Most projects use formal [DISCUSS] and [VOTE] threads on the private email list, and others use a more "lazy" consensus approach. For more information, see commit access and the ASF How it Works document, which explains meritocracy and roles.

The podling Incubator reports should document any committers added since the previous report.

If the podling decides in favor of the potential committer, it offers committership to the nominee. If the nominee accepts the responsibility of being a committer for the project, the nominee formally becomes an Apache committer.
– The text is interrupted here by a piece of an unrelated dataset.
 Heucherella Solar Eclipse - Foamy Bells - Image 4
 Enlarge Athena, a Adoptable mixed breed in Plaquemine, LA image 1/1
The proposer then asks an IPMC member (typically one of the mentors) to follow the documentedprocedures to complete the process. If the nominee is already an Apache committer on another project, the IPMC member can add the nominee as a committer on the podling via the Whimsy Podling Roster.

The proposer then directs the new committer to the Apache developer’s pages, to the Apache Incubator site and to the Incubator Committers Guide for important additional information.

Projects which wish to have all committers also be PPMC members should follow the "Voting in a new PPMC member" guide below.

Voting in a new PPMC member

It should be a goal of a podling to have all committers participate in the PPMC. The PPMC should take an active role in watching committers develop as community participants. They should identify those who are participating at a community level (not just a technical one), and approach them with an offer of PPMC membership.

Any member of the PPMC can propose a new member of the PPMC. The proposal should be discussed in private on the PPMC’s private email list, with a subject line of "[DISCUSS] Joe Bob PPMC membership". If there is consensus that the proposed member is suitable, there should be a formal vote with the subject line of "[VOTE] Joe Bob PPMC membership" on the PPMC’s private email list.

If the vote is successful, a member of the PPMC sends a message to the PPMC private email list, with the subject line of "[VOTE][RESULT] Joe Bob PPMC membership". The nominating PPMC member should send a message to the IPMC ([email protected]) with a reference to the vote result in the following form:

To: private at incubator.apache.org
CC: private at PODLING.incubator.apache.org
Subject: [NOTICE] Joe Bob for PODLING PPMC
Body:

Joe Bob has been voted as a new member of the *PODLING* PPMC. the vote thread is at: *link to the vote thread*

After the PPMC sends the NOTICE to the IPMC the PPMC should formally invite the proposed member.

In the email you send, replace PODLING with your podling’s actual name, and replace Joe Bob with the person’s actual name.

After sending the NOTICE, the PPMC should invite Joe Bob to join it, using message like this.

Once the proposed member has accepted, a moderator for the PPMC mail list accepts the new member’s subscription request.

Direct the new member to this page for PPMC membership information.

Adding mentors

At times, it may be desirable to add a mentor to a podling. A mentor must be an IPMC member. People who are not IPMC members can still help out in an informal capacity.

IPMC members are free to volunteer to mentor a podling. To do so, they should mail the podling stating their intentions. The podling should then decide whether it wants to add the mentor. If the Podling decides to add the mentor, it should do so in the Whimsy Podling Roster.

If a podling is in a position where they feel they need a new mentor, they can drop an email on the general incubator email list to try to recruit a one.

Removing a mentor

Occasionally it may be necessary to remove a mentor who has been too busy to participate or who has gone silent. After discussing it with the PPMC you can have someone with access (another mentor) remove the mentor via Whimsy.

PPMC and Binding Votes

The only time when a PPMC member’s vote is binding is for the addition of new PPMC members and committers. Release votes are only binding for IPMC members.

The binding status of a person’s vote is not related to the email list that the vote occurs on.